Text-to-speech Configuration

Edit on GitHub

Spokestack offers a rich, controllable text-to-speech (TTS) system. The voices available to use in your app are determined by your API client identifier, but we offer a demo voice to all users so that you can try custom TTS in your app without making a commitment. If you need a unique voice for your brand, contact us, and we can work with you to create a custom experience for your users.

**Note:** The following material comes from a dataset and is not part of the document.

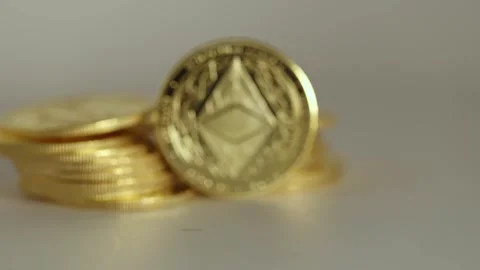 Secure blockchain platform, decentralized e-commerce, rack focus Stock Footage 296569484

Apart from voice selection, Spokestack’s TTS enables fine control over pronunciation by supporting a subset of the SSML standard. Synthesis defaults to using raw text, but you can opt into using SSML instead; see the platform-specific documentation (iOS | Android) for details.

SSML in Spokestack

SSML is an XML-based markup language; the root element must be <speak>. Aside from speak, Spokestack supports the following elements:

  • s
  • break
  • say-as with an interpret-as attribute of “characters”, “spell-out”, or “digits”
  • phoneme with the alphabet attribute set to “ipa”

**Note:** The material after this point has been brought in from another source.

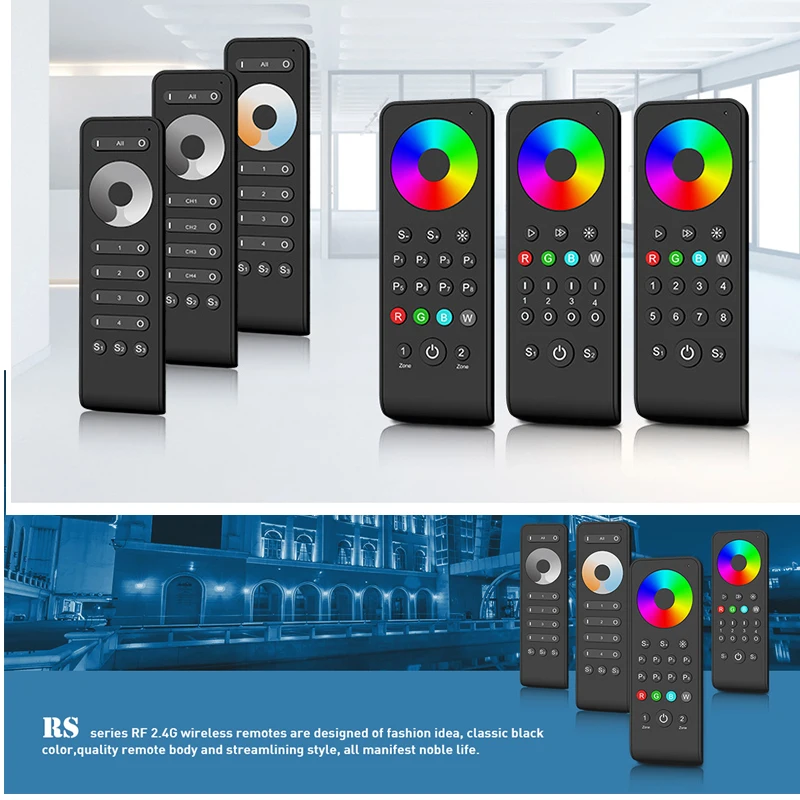Skydance 1 2 4 8 зон RF пульт дистанционного управления для одноцветного радиочастотного контроллера CCT RGB RGBW RGB + CCT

Note that long inputs should be split into separate s (“sentence”) elements for the best performance.

Currently, Spokestack is focused on pronunciation of English words and loan words/foreign words common in spoken English and thus restricts its character set from the full range of IPA characters. Characters valid for an IPA ph attribute are:

 [' ', ',', 'a', 'b', 'd', 'e', 'f', 'g', 'h', 'i', 'j',
 'k', 'l', 'm', 'n', 'o', 'p', 'r', 's', 't', 'u', 'v',
 'w', 'z', 'æ', 'ð', 'ŋ', 'ɑ', 'ɔ', 'ə', 'ɛ', 'ɝ', 'ɪ',
 'ʃ', 'ʊ', 'ʌ', 'ʒ', 'ˈ', 'ˌ', 'ː', 'θ', 'ɡ', 'x', 'y',
 'ɹ', 'ʰ', 'ɜ', 'ɒ', 'ɚ', 'ɱ', 'ʔ', 'ɨ', 'ɾ', 'ɐ', 'ʁ',
 'ɵ', 'χ']

Using invalid characters will not cause an error, but it might result in unexpected pronunciation.

Some brief examples

  • When you just can’t give up that web prefix:

    <speak>See all our products at <say-as interpret-as="characters">www</say-as> dot my company dot com</speak>

  • Insert a pregnant pause:

    <speak>Today's stock price <break time="500ms"/> fell three percent.</speak>

  • Customize pronunciation to make a point:

    <speak>I don't care what you say; it's pronounced <phoneme alphabet="ipa" ph="gɪf">gif</phoneme>, not <phoneme alphabet="ipa" ph="dʒɪf">gif</phoneme>!</speak>